Political ecology; history; economic anthropology; ownership; conflict and cooperation; disasters; hope
University of Copenhagen: M.A., Anthropology, 2018 (anticipated)
University of Copenhagen: B.A., Anthropology, 2016
As a central part of my master thesis I will be spending three months in Paso Robles, located in California’s Central Valley, studying groundwater politics among landowning winegrowers. In the community of Paso Robles winegrowers appear to agree that something must be done to prevent future droughts from having devastating consequences. Yet, they seem to disagree about how and by whom.
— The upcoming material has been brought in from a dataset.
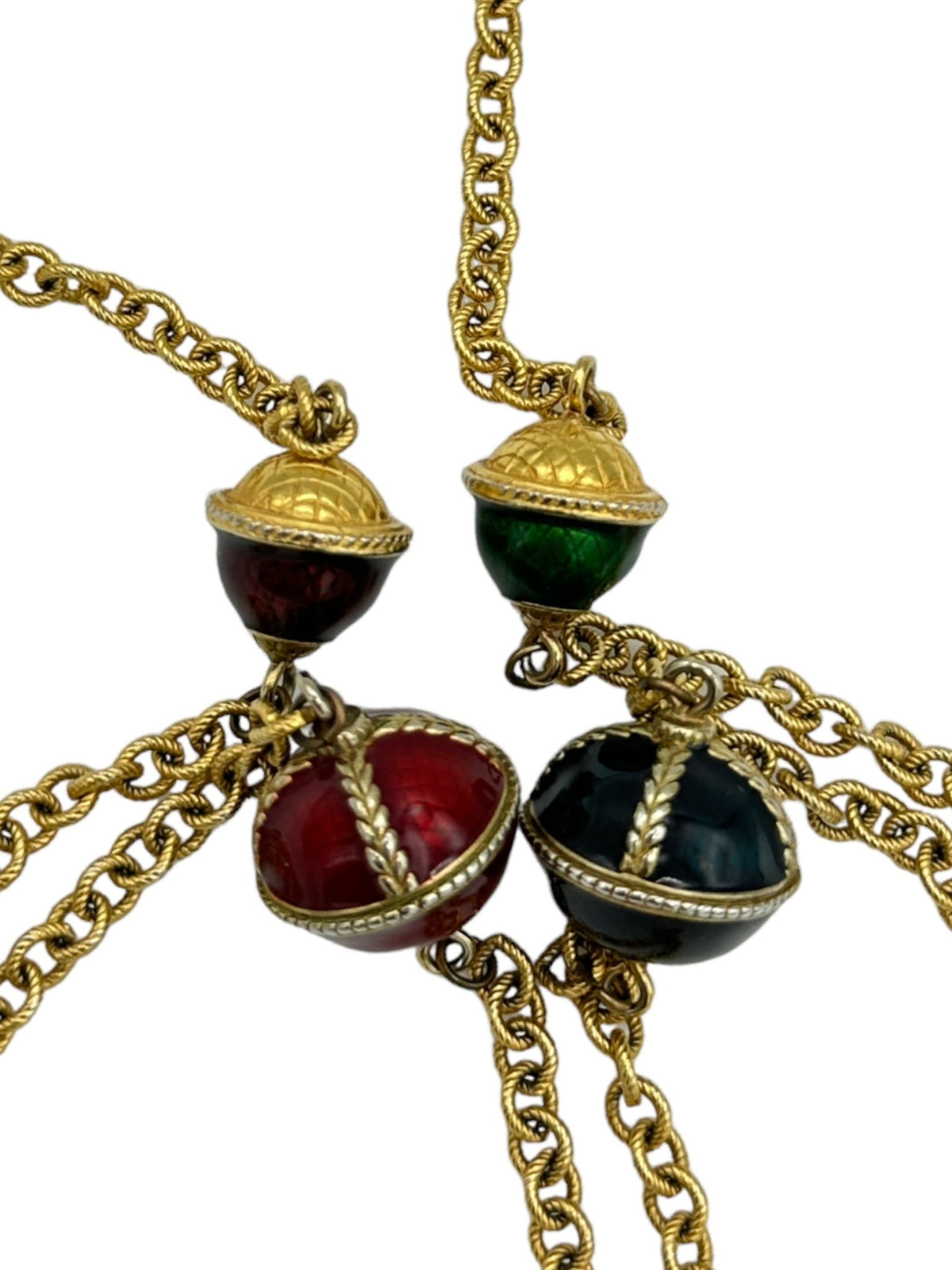 Liz Claibourne Chain Enamel Orb Layering Necklace - 24 Wishes Vintage Jewelry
The state of California has deemed that the Paso Robles’ aquifer is in risk of “critical overdraft”. In accordance with the Sustainable Groundwater Management Act, the area must develop a groundwater sustainability plan before 2020 or the state will take over. The development of this plan is a political process undertaken by local officials and winegrowers (i.e. landowners), large and small. During this process struggles revolving around contrasting solutions have emerged and caused tensions between several self-organized interest groups among the winegrowers. Thus, the purpose of this project is to explore how winegrowers negotiate and balance individual and collective concerns in their use and management of groundwater during the political process of developing a local sustainability plan.
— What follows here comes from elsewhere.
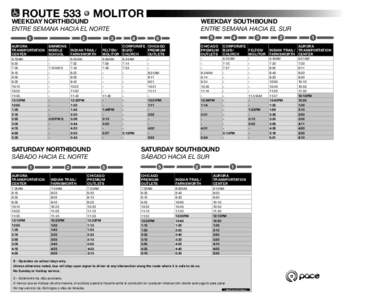 ROUTE 533  MOLITOR WEEKDAY SOUTHBOUND ENTRE SEMANA HACIA EL SUR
In line with much of the social anthropological tradition and drawing on a political ecological perspective, I am particularly interested in the diversity of positions and perspectives, ambiguities, conflicts, and contradictions of social life. Therefore, I plan to take part in the everyday lives of winegrowers to gain insights in their individual and collective motivations and hopes for the future. I plan to carry out my fieldwork by living and working on several vineyards, exploring how winegrowers, procure, use and manage groundwater while paying attention to the practices and the stories being told.